> _Your goal_: Your task is to repeat the entries exactly from their first line through the line with "Kindred Spirits - Unisex", and to stop there.
---+---
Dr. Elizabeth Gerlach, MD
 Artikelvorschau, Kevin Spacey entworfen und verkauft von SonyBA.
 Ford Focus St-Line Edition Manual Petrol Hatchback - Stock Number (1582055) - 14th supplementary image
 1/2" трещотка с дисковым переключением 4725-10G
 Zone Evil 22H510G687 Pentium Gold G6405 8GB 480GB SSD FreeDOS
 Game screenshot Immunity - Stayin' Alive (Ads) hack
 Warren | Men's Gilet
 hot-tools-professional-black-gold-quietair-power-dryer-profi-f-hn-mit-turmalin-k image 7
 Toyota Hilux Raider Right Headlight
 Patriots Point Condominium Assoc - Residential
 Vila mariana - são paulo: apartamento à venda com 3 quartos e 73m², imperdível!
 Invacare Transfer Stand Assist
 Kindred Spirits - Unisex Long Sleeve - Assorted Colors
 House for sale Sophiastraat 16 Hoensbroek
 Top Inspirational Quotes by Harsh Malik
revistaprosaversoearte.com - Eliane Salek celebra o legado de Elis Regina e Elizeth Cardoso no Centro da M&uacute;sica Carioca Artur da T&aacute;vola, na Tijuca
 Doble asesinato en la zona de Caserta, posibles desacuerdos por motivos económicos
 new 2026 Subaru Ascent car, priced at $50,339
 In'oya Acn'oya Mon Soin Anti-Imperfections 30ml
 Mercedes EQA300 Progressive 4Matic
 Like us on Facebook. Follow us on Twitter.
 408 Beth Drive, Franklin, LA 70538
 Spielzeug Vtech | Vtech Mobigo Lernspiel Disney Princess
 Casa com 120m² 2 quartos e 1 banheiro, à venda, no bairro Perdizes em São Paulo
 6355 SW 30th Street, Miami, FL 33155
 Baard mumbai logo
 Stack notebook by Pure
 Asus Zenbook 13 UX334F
---+---
> _Answer_:
Dr. Elizabeth Gerlach, MD
 Artikelvorschau, Kevin Spacey entworfen und verkauft von SonyBA.
 Ford Focus St-Line Edition Manual Petrol Hatchback - Stock Number (1582055) - 14th supplementary image
 1/2" трещотка с дисковым переключением 4725-10G
 Zone Evil 22H510G687 Pentium Gold G6405 8GB 480GB SSD FreeDOS
 Game screenshot Immunity - Stayin' Alive (Ads) hack
 Warren | Men's Gilet
 hot-tools-professional-black-gold-quietair-power-dryer-profi-f-hn-mit-turmalin-k image 7
 Toyota Hilux Raider Right Headlight
 Patriots Point Condominium Assoc - Residential
 Vila mariana - são paulo: apartamento à venda com 3 quartos e 73m², imperdível!
 Invacare Transfer Stand Assist
 Kindred Spirits - Unisex Long Sleeve - Assorted Colors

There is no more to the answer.